Image-text web data:
====

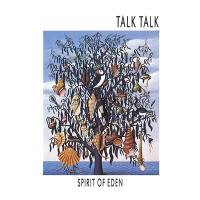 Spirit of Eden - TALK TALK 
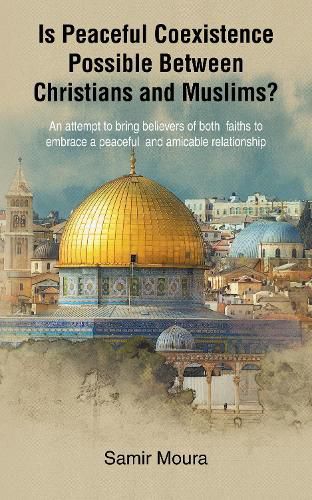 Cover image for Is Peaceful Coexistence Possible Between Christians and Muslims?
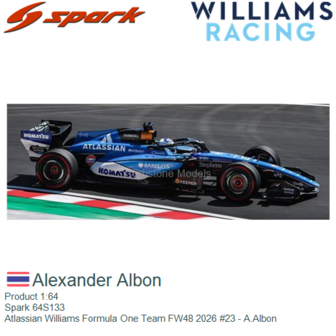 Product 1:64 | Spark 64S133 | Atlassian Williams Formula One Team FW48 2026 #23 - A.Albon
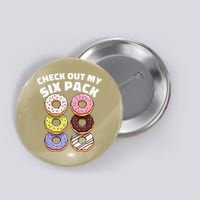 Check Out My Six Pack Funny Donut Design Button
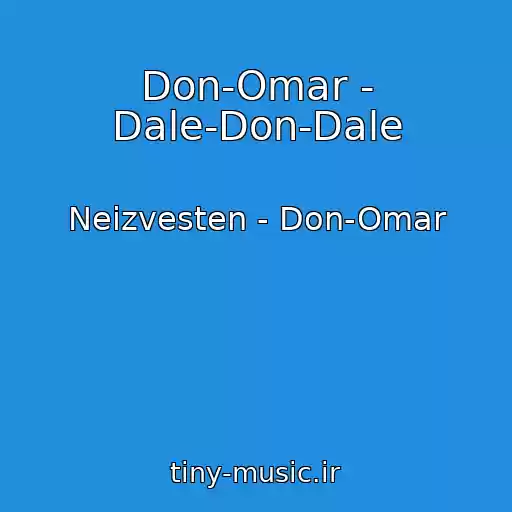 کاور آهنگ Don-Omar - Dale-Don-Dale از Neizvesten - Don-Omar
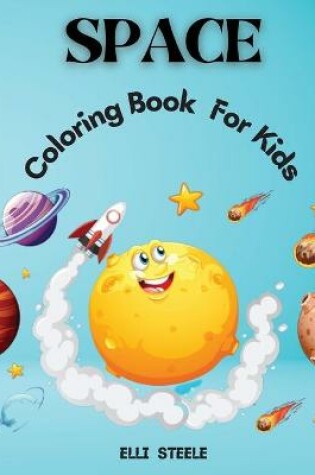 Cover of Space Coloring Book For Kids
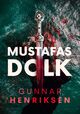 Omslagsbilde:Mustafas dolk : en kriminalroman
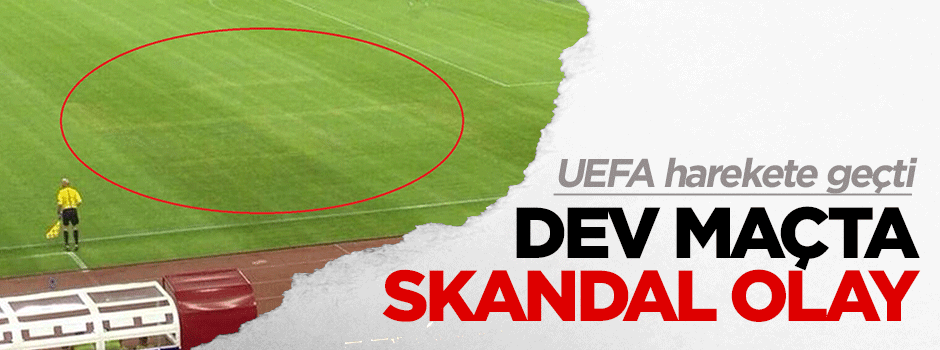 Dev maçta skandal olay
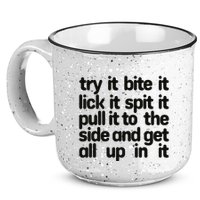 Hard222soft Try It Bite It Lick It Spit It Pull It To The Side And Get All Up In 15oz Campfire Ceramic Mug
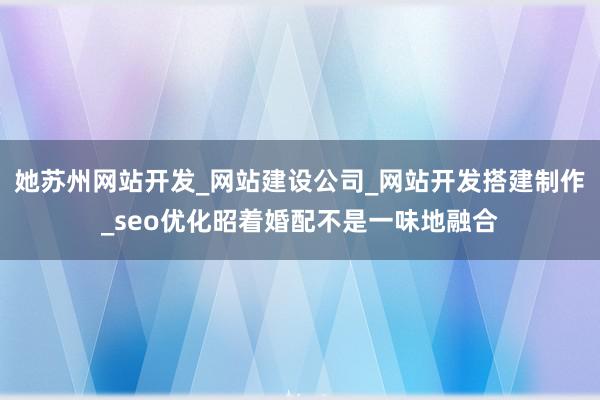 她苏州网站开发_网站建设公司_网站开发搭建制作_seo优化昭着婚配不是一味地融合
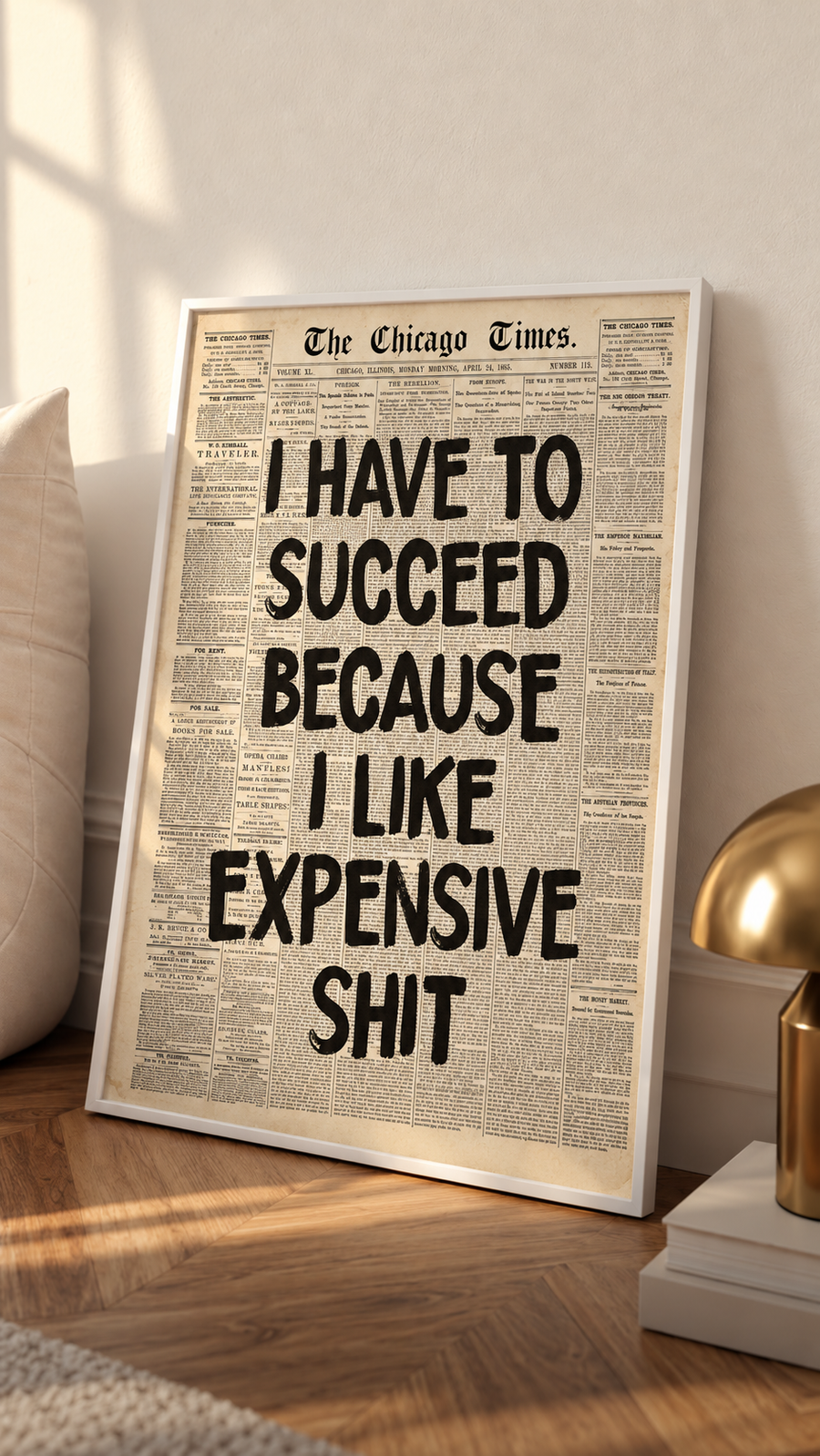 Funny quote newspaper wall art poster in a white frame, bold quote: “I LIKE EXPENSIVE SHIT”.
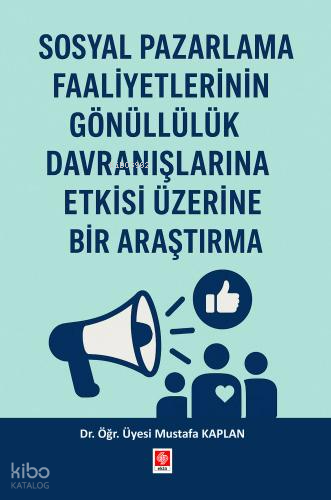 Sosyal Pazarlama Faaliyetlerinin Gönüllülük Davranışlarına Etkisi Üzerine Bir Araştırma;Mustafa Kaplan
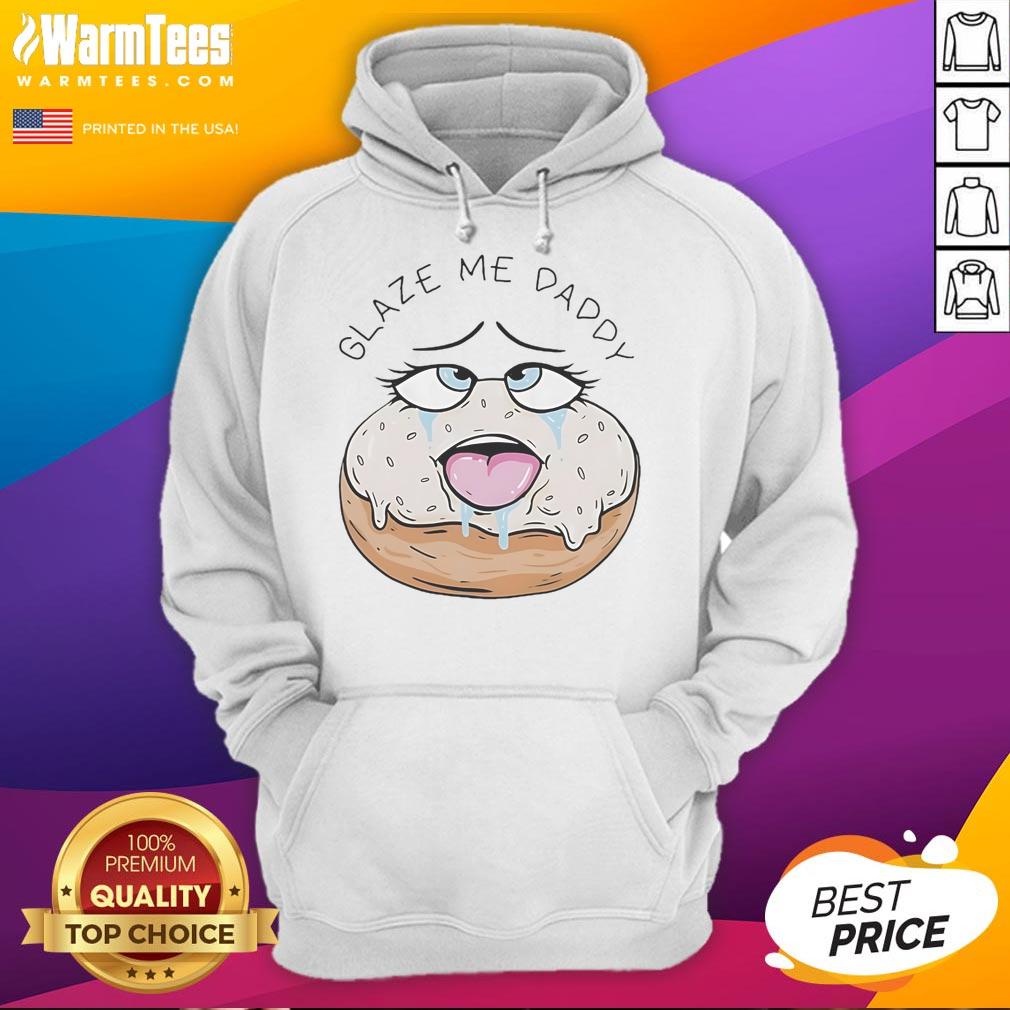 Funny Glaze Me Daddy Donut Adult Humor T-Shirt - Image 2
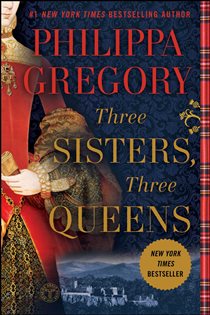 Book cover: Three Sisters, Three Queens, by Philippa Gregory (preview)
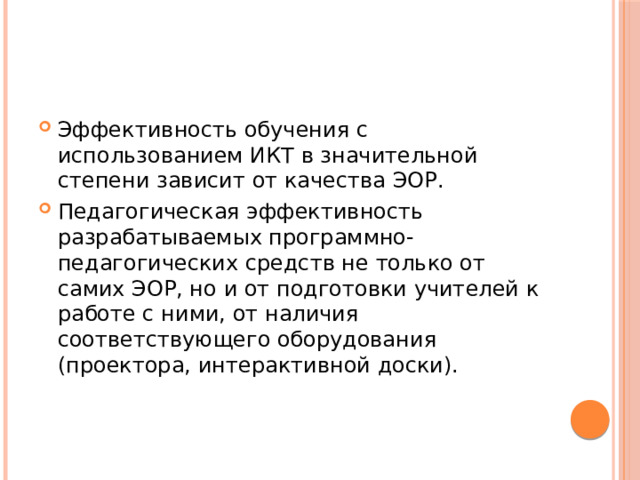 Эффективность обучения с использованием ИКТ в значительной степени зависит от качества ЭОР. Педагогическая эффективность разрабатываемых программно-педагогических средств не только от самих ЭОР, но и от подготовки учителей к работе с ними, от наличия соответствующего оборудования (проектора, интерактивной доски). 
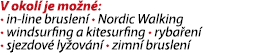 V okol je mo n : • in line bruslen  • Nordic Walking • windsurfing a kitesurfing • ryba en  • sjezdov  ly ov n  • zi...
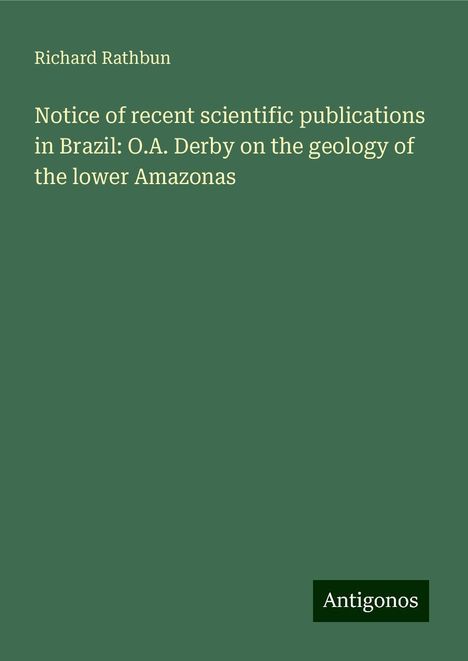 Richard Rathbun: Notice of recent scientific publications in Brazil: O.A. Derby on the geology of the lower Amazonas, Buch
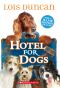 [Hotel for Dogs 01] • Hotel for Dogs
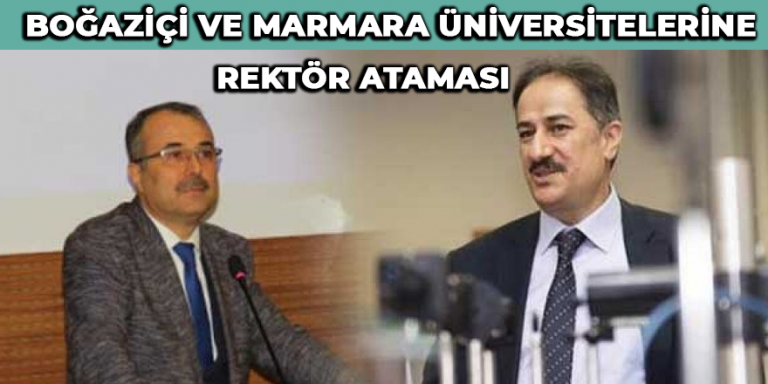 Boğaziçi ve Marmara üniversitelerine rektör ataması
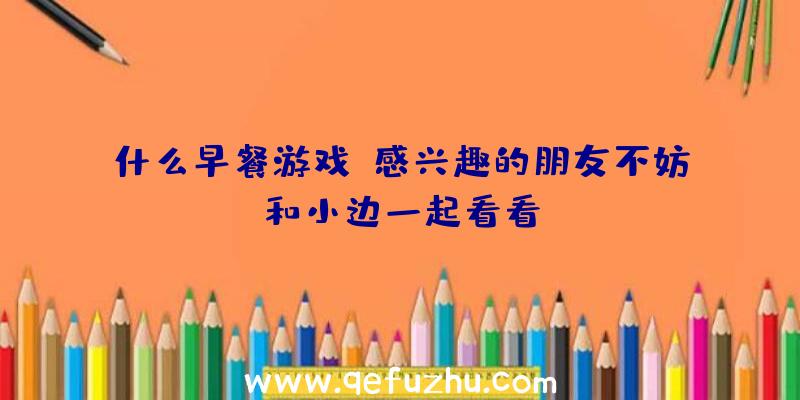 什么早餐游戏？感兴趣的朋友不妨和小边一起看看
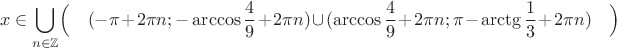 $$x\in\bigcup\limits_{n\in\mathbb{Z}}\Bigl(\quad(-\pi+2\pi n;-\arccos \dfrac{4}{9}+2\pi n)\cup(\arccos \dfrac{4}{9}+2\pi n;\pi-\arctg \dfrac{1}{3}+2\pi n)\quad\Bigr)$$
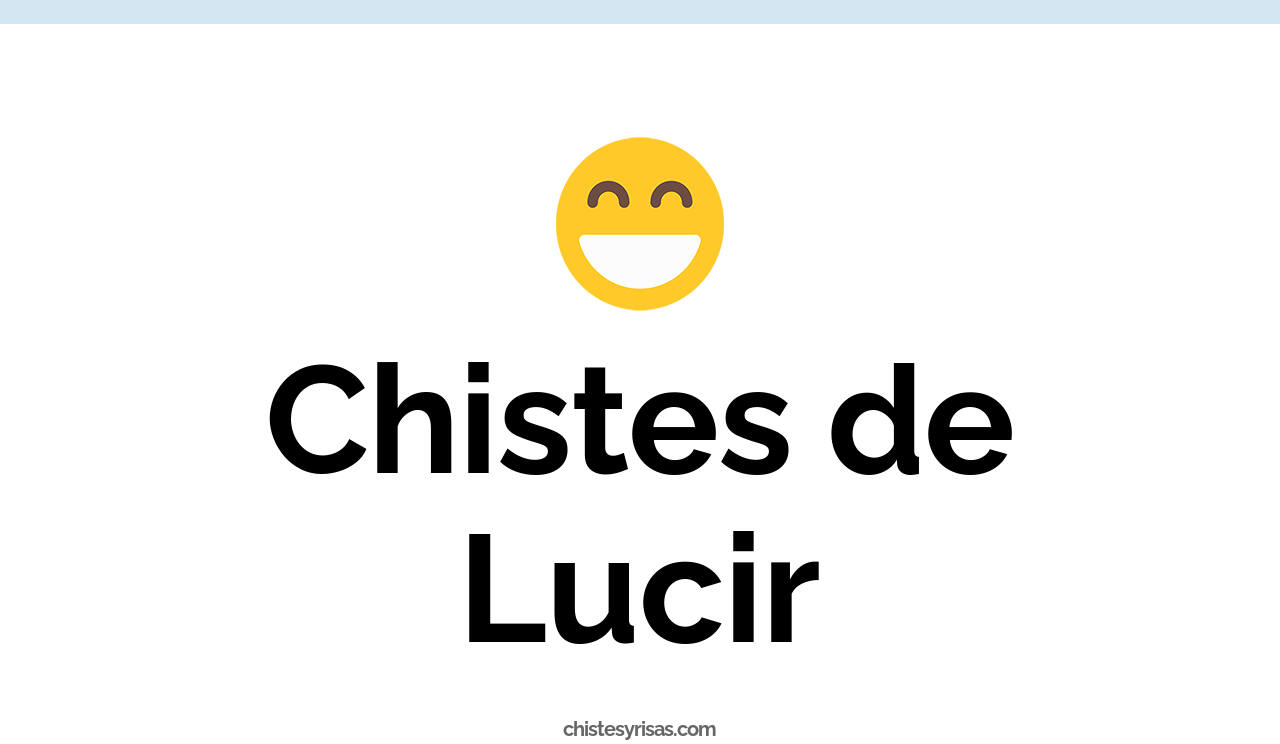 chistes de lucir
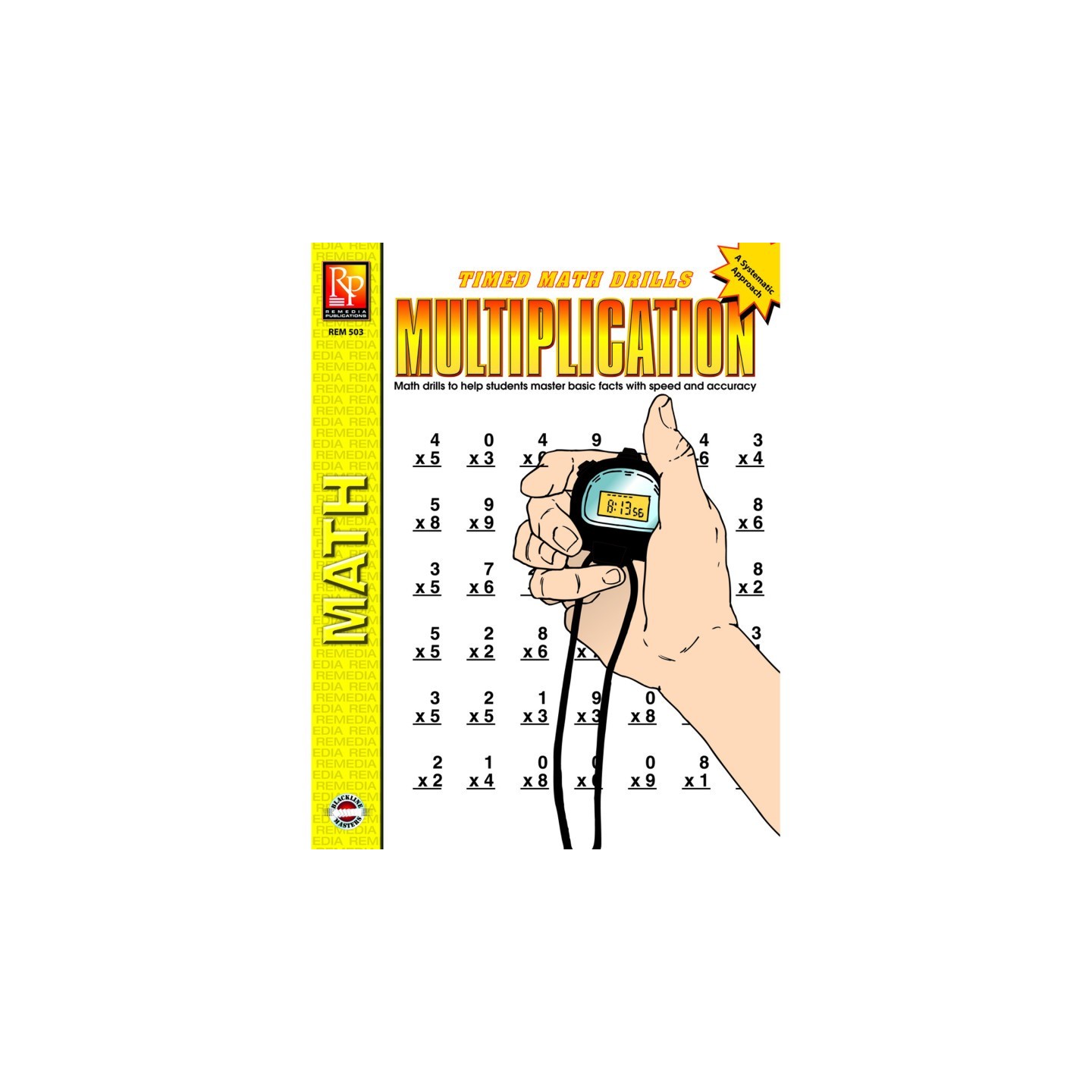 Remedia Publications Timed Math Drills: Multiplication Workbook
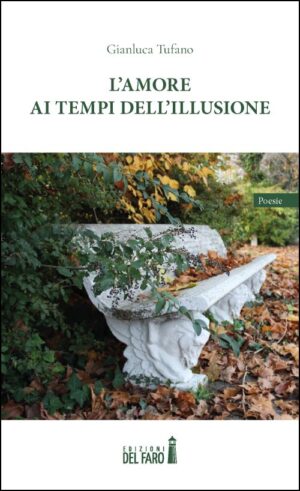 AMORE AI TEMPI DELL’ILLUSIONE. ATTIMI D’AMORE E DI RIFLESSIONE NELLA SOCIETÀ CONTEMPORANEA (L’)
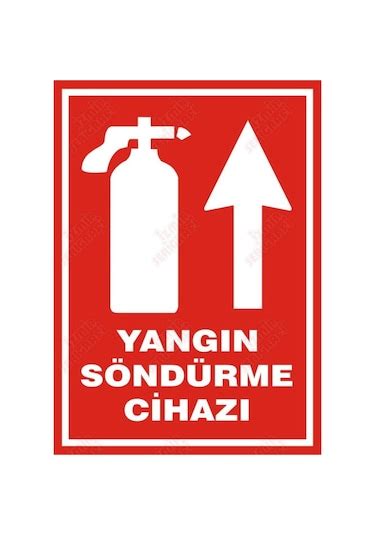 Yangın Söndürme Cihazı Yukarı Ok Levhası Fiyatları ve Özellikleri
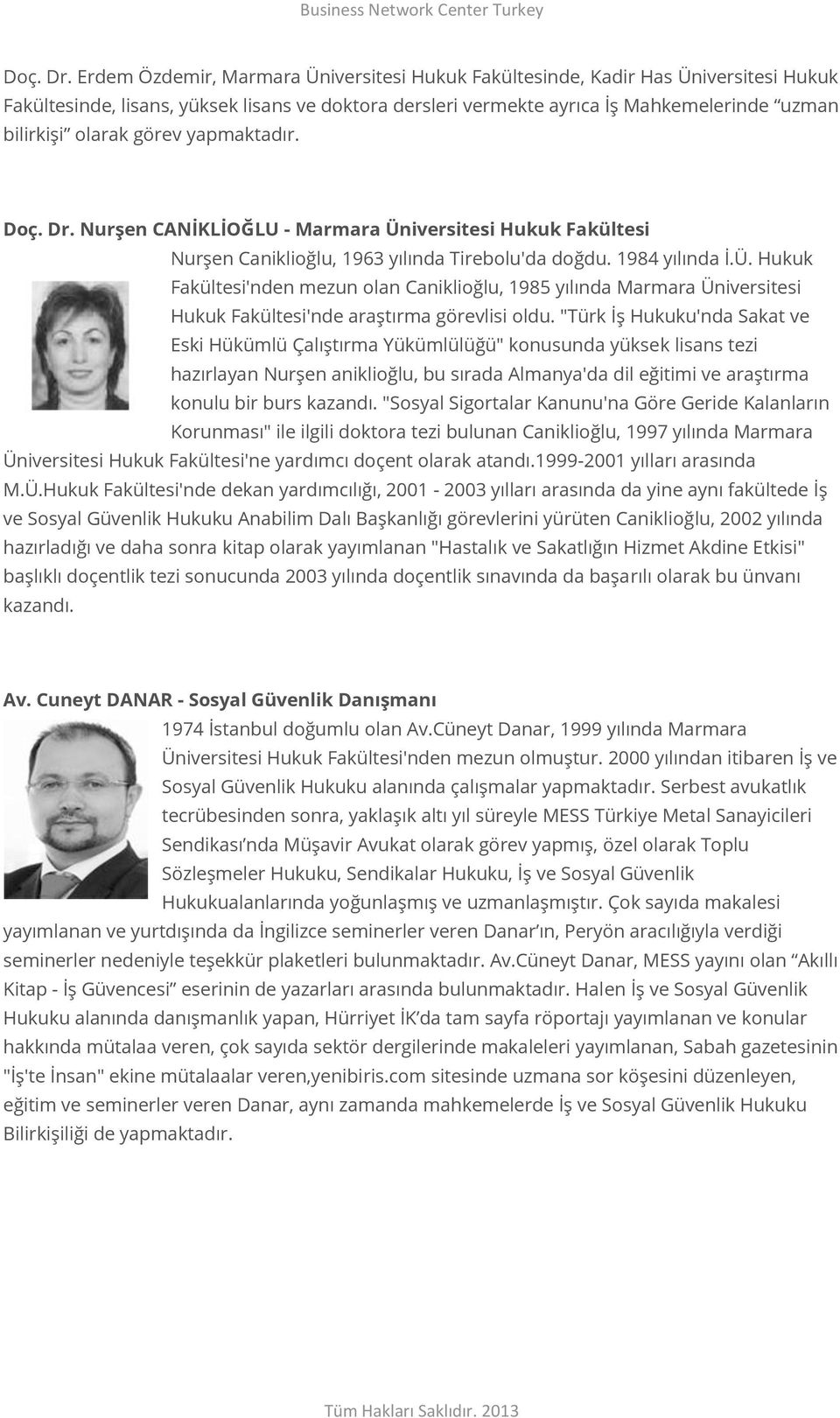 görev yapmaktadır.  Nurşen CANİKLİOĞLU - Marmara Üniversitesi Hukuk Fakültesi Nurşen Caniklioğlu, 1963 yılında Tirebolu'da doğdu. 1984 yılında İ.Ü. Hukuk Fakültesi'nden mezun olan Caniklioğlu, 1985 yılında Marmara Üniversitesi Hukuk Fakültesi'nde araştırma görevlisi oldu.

====

Task item -
Write out exactly the lines between the start of the data and the line with "Dev maçta skandal olay", including both, but none of the pictures.

Your response -
 Spirit of Eden - TALK TALK 
 Cover image for Is Peaceful Coexistence Possible Between Christians and Muslims?
 Product 1:64 | Spark 64S133 | Atlassian Williams Formula One Team FW48 2026 #23 - A.Albon
 Check Out My Six Pack Funny Donut Design Button
 کاور آهنگ Don-Omar - Dale-Don-Dale از Neizvesten - Don-Omar
 Cover of Space Coloring Book For Kids
 Omslagsbilde:Mustafas dolk : en kriminalroman
 Dev maçta skandal olay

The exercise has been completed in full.